#### Exercise aim:
Without any pictures, output the records exactly as they are.

#### Record set:
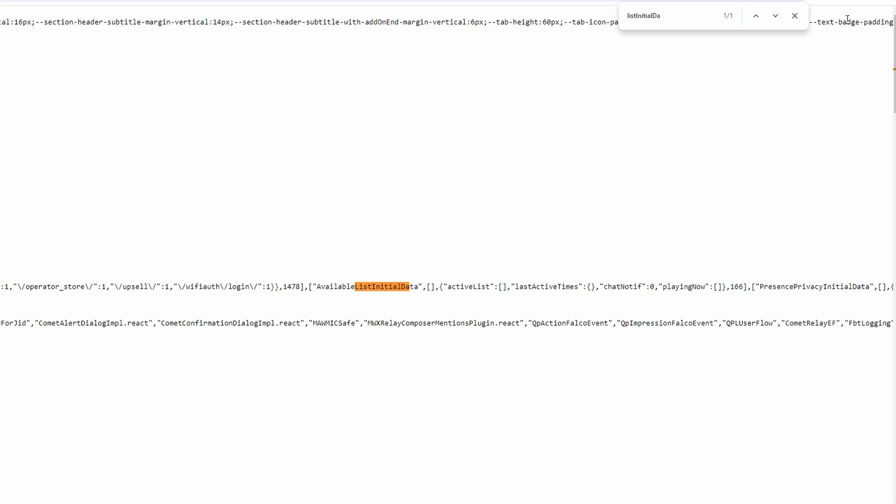We will identify and copy the user ID of people who view your profile. Next to List Initial Data, you will see a series of numbers. Highlight the first number after List Initial Data, right-click and select Copy. You can use Ctrl C or Command C on Mac.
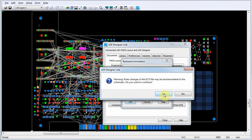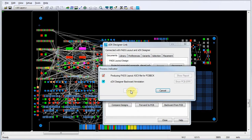At the Warning dialog, we'll click Yes to confirm. The Process Indicator dialog indicates the backward annotation progress. When the process finishes, we'll click Close.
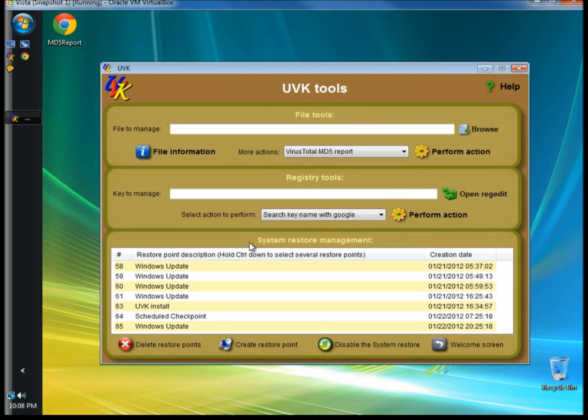System Restore Management shows all the system restore points that have been created on your computer. To manage system restore points, you have the options of deleting restore points, creating a restore point before you run the task, or you can also disable system restore.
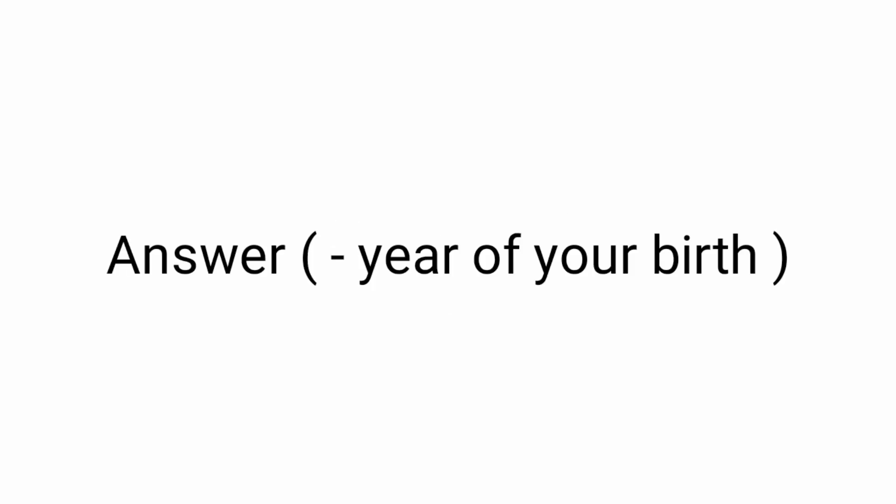Now subtract the year in which you were born from your final answer. Ready? At this point your result must be of 3 digits.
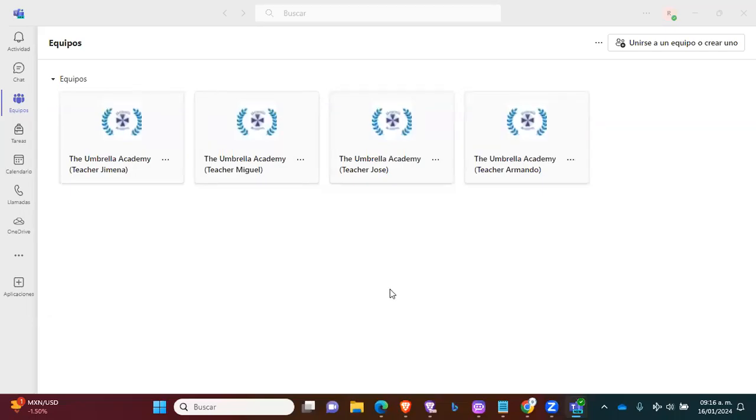Hello my dear teachers, good morning, good afternoon, good evening, depending on the time that you watch the video. This is teacher Miguel,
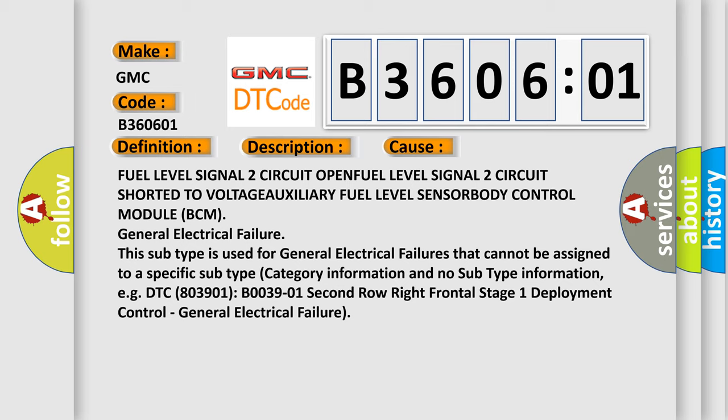General Electrical Failure. This subtype is used for general electrical failures that cannot be assigned to a specific subtype category with no subtype information. For example, DTC B003901: Second Row Right Frontal Stage 1 Deployment Control - General Electrical Failure.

#### Task result:
We will identify and copy the user ID of people who view your profile. Next to List Initial Data, you will see a series of numbers. Highlight the first number after List Initial Data, right-click and select Copy. You can use Ctrl C or Command C on Mac.
At the Warning dialog, we'll click Yes to confirm. The Process Indicator dialog indicates the backward annotation progress. When the process finishes, we'll click Close.
System Restore Management shows all the system restore points that have been created on your computer. To manage system restore points, you have the options of deleting restore points, creating a restore point before you run the task, or you can also disable system restore.
Now subtract the year in which you were born from your final answer. Ready? At this point your result must be of 3 digits.
Hello my dear teachers, good morning, good afternoon, good evening, depending on the time that you watch the video. This is teacher Miguel,
General Electrical Failure. This subtype is used for general electrical failures that cannot be assigned to a specific subtype category with no subtype information. For example, DTC B003901: Second Row Right Frontal Stage 1 Deployment Control - General Electrical Failure.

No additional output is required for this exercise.